TASK TO COMPLETE: Exactly and only the lines below from the one containing "Gris-Tesettürlü Abiye Elbise-Robes" down to the one containing "Bordo iki iplik pantolon takım" are wanted, both included; please exclude every picture.

MATERIAL SHOWN:
────────

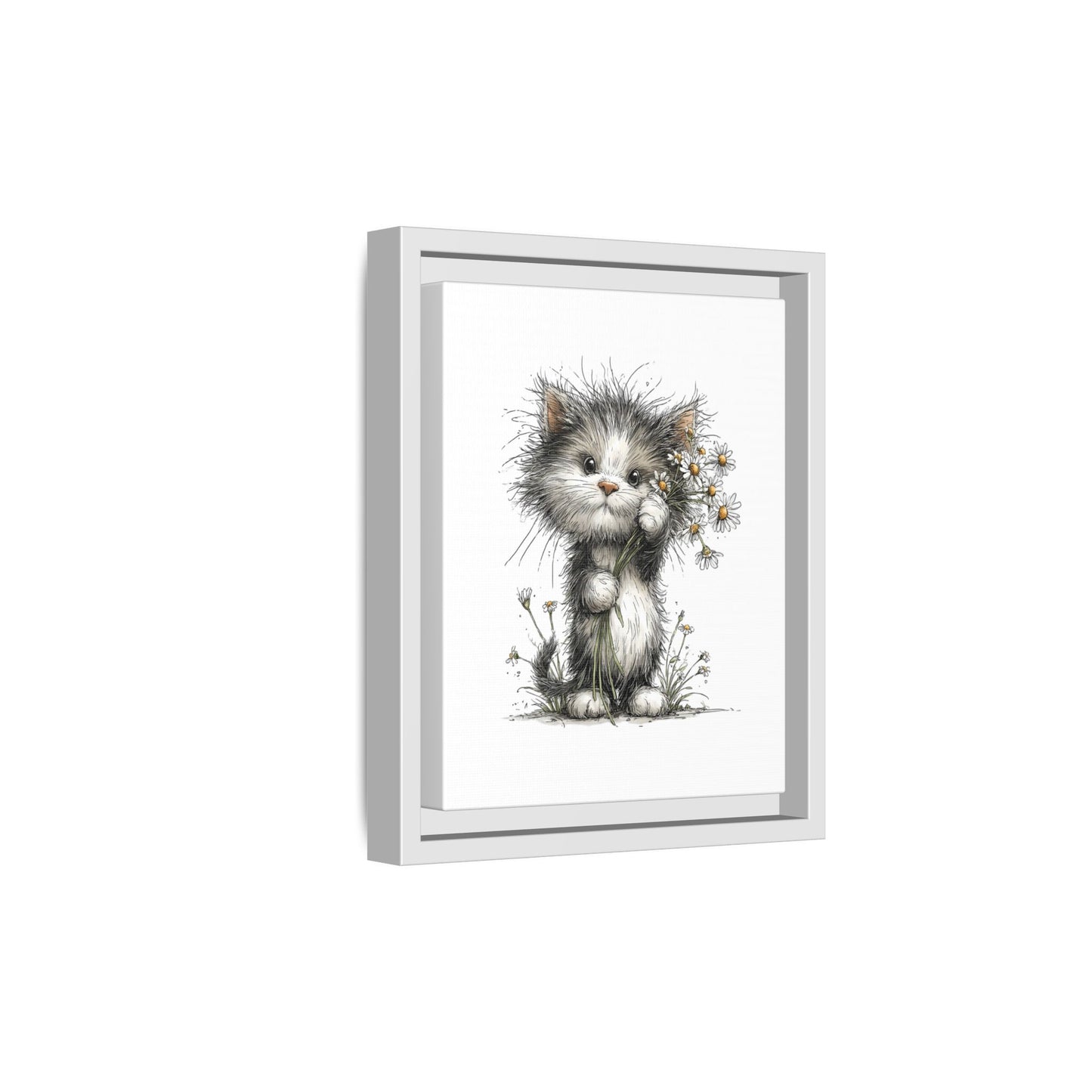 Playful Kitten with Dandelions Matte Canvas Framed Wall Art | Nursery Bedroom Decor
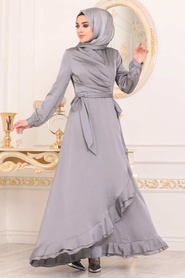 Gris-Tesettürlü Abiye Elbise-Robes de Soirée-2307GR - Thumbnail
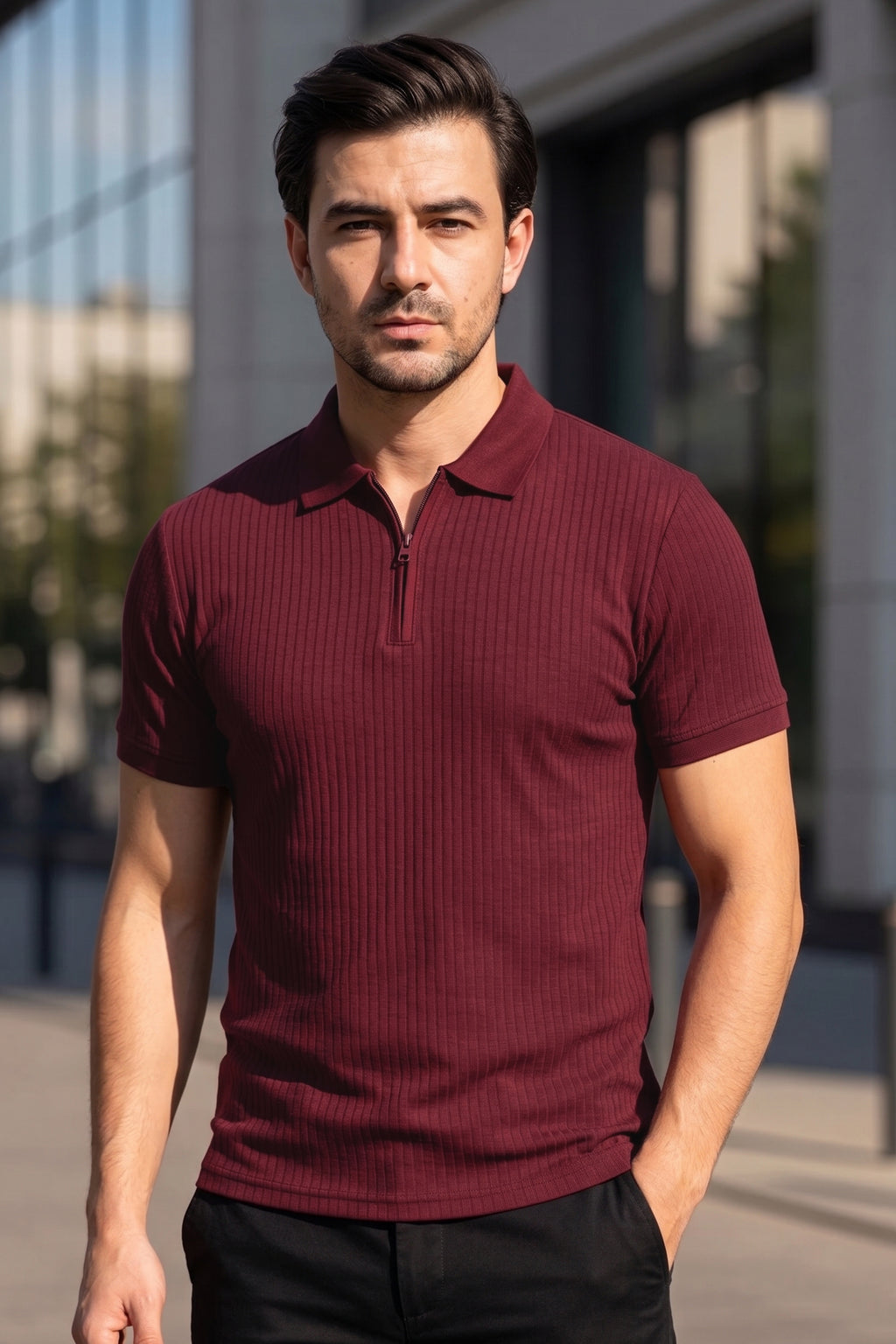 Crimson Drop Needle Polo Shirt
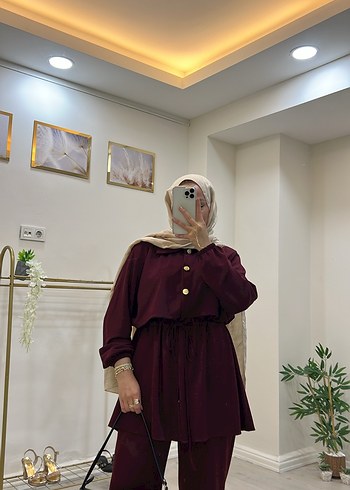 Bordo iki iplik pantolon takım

────────

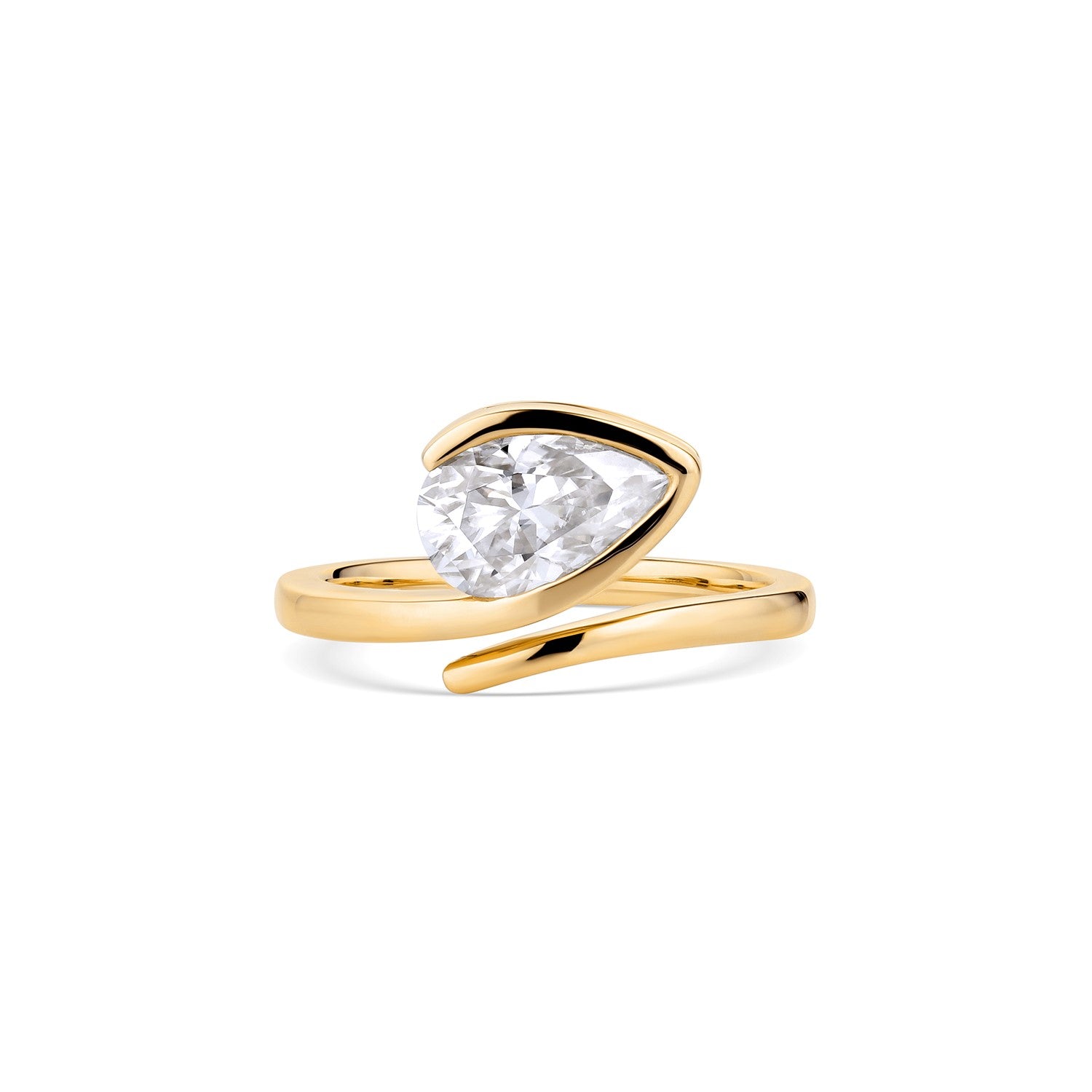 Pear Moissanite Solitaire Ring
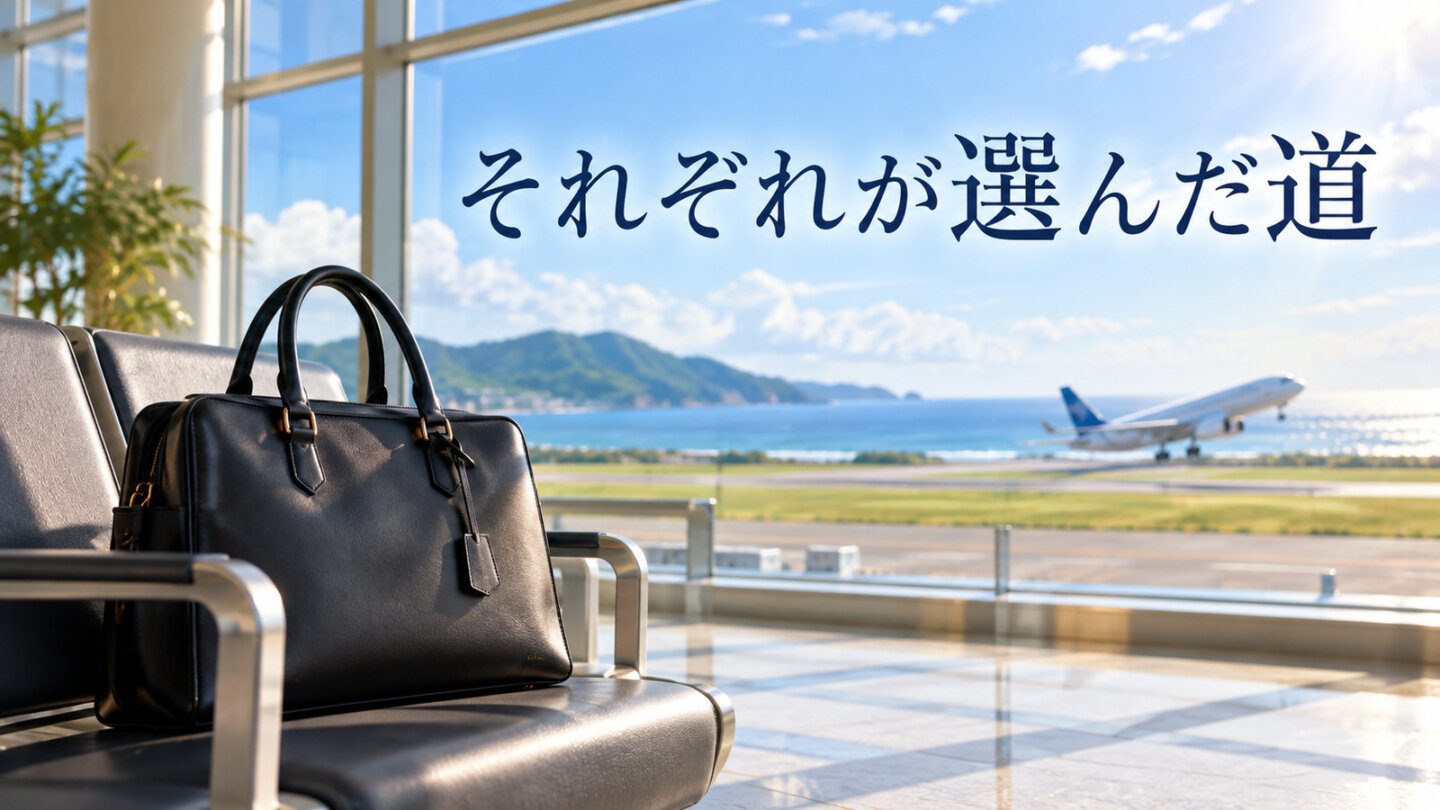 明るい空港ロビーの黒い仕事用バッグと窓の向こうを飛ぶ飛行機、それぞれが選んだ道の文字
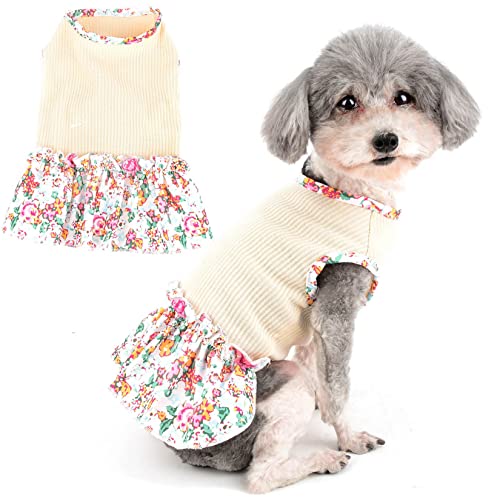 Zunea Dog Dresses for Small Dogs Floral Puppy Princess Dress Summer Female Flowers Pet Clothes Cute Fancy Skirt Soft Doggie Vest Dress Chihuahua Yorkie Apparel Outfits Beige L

────────

TASK ANSWER:
 Gris-Tesettürlü Abiye Elbise-Robes de Soirée-2307GR - Thumbnail
 Crimson Drop Needle Polo Shirt
 Bordo iki iplik pantolon takım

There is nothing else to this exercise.